Hacker News new | ask | show | jobs
by wwalexander 1893 days ago
Back in 2004, someone released an unauthorized fan dub/narration of the the first Harry Potter movie called Wizard People, Dear Reader that hilariously butchers the entire plot, character names, and motivations. This narration is (loosely) synced to the movie and its scenes, and for a long time I watched it via clips uploaded to YouTube. But when Sorcerer’s Stone got a 4K release, I decided it was time to rip it and create my own canonical copy.

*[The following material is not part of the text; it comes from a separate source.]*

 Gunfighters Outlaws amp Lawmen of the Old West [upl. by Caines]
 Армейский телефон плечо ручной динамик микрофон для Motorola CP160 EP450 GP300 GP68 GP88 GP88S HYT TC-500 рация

The original audio files of the dub were at this point still available on archive.org. The problem is that the second audio file is not meant to play directly after the first - this was back in the days of CD players, so halfway through the movie the dub instructs you to begin playing the second CD once the next scene starts. The other problem is that the second file is louder than the first.

Most sources I saw online said to insert a gap of three seconds to account for the delay, and didn’t have a solution for the difference in volume. I wanted to be more precise.

First, I found the exact start time of the scene where the second audio track begins:

    ffprobe hp.mkv
    ...
        Chapter #0:18: start  4428.882000, end 4817.521000
        Metadata:
          title           : Chapter 19
    ...
Then I compared this with the duration of the first audio track:

    ffprobe wiz1.mp3
    ...
      Duration: 01:13:45.33, start: 0.000000, bitrate: 66 kb/s
    ...
The difference between these time stamps gave the actual delay of 3.582 seconds.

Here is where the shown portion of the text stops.